Moving on to Student Photographs, Videos and/or Sound Recordings Opt-Out, Baltimore County Public Schools again takes an all-or-nothing approach.

BCPS opt-out - Photos, Videos, Recordings

If the parent denies such permission, the student’s picture will not be used in any BCPS publication or communication vehicle, including, but not limited to, printed materials, web sites, social media sites or the cable television channel operated, produced or maintained by BCPS’ schools or offices, nor will my child’s picture be part of a school yearbook, memory book, memory video, sports team, club or any other medium.

Social media, yearbook, childcare, and sports activities are all very different events. When schools structure permissions in a way that removes agency from parents and kids, they burn goodwill. Also, given that teachers and districts are still publishing pictures of kids online in ways that share personal information, including (on some rare occasions) passwords, parents should have some granular ability to differentiate between sharing in a yearbook and sharing on Instagram, Facebook, or Twitter. Until schools and districts consistently get this right, they have an obligation to err on the side of restraint. To state the obvious, kids don't walk through the school doors so adults can use their likeness and work on social media. Similarly, yearbooks and social media are very different things, and yearbook companies and social media companies have very different business models, and - in most cases - very different approaches to handling data.

The solution here is pretty straightforward: provide parents a granular set of options. A parent or kid should be able to say that they want to be in the yearbook; a high school athlete should be able to say they want to be in the program or in the paper; a musician should be able to be acknowledged in a newsletter - and these options do not need to be tethered to sharing directory information, streamlined access to childcare, or indiscriminate sharing on social media. That is a reasonable request, and if a teacher, school, or district lacks the data handling and media literacy skills requried to make that happen, then we have an opportunity for teachers and district staff to develop and grow professionally.

The argument we generally hear against allowing parents and students real choices over their privacy rights is that the burden would be too much for schools to handle. However, we only need to look at how parental rights are managed with regards to health curriculum to see the hollowness of that argument. In Baltimore County Public Schools - as with many schools in many districts nationwide - parents and students can opt-out of individual units in the health curriculum. Districts have been managing this granular level of opt out for years, and somehow - miraculously - the educational system has not tumbled into ruin as a result.

The main difference, of course, is that in many states parental opt-out rights are required and defined by law.

For parents: use the opt-out form provided by the World Privacy Forum to assert your rights.
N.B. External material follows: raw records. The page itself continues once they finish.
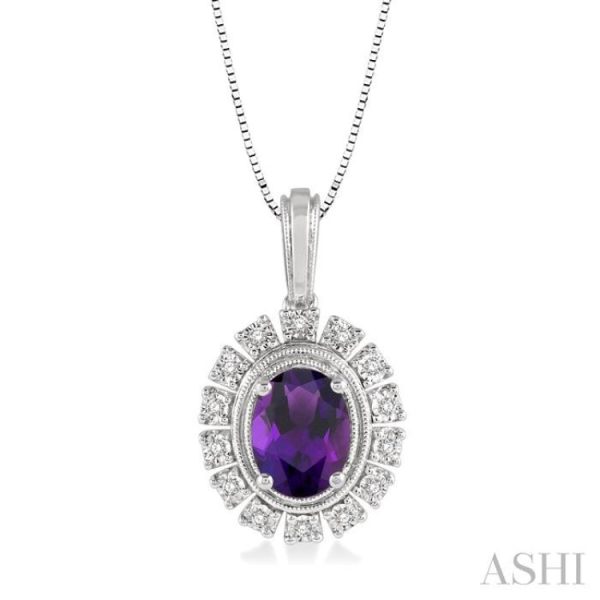 1 10 Ctw Oval Shape 8x6 MM Amethyst & Round Cut Diamond Semi Precious Pendant With Chain in 10K White Gold Discount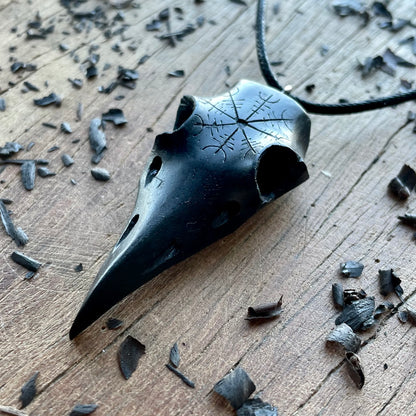 Raven Skull “Helm of Awe” Pendant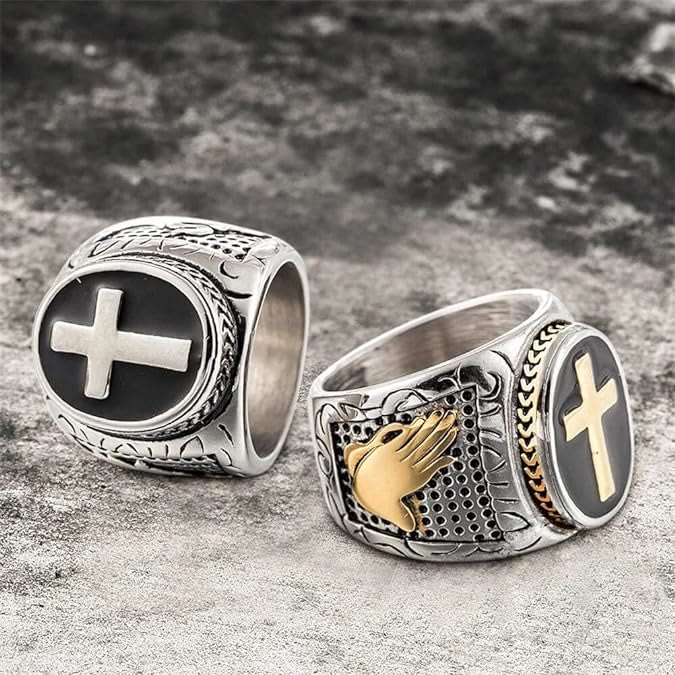 Christianartworkshop Retro Cross "Hand of God" Titanium Religion Ring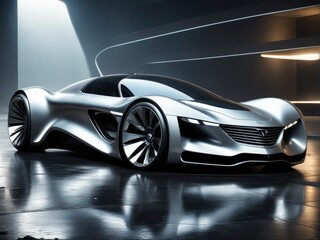 Electric luxury concept car with futuristic supersonic aerodynamic design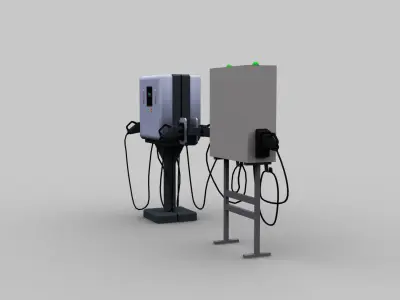 Electric Vehicle Chargers pack 2 Low-poly 3D model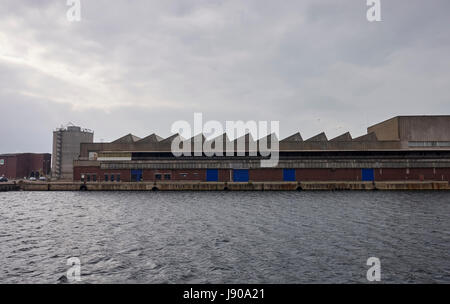 Stadt Dunquerke, Normandie, Frankreich: Hafen Behörde Bereich mit Docks und Lagerhäuser, wo mehrere Arten von Rohstoffen werden gespeichert, Stockfoto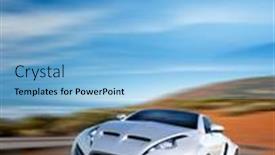  Presentation with sports car - Audience pleasing PPT theme consisting of sports-car-moving backdrop and a  colored foreground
In an email accompanying the form, explain that you would like to see your district develop more flexible policies on opt-out and data sharing.

For teachers: if you are going to share student images and work on social media, make intentional choices about what you share, how you share, and why you share. Additionally, ask your district about more granular policies for parents and learners. While the initial change might be hard, over time the more flexible rules will make your work easier, and increase trust between you, your students, and their guardians.

For districts: get ahead of the curve and start offering more flexible options. As we have seen with health curriculum and with privacy in the last few years, state legislatures are not shy about introducing and passing legislation. Districts have an opportunity to address these concerns proactively. It would be great to see them take advantage of this opportunity.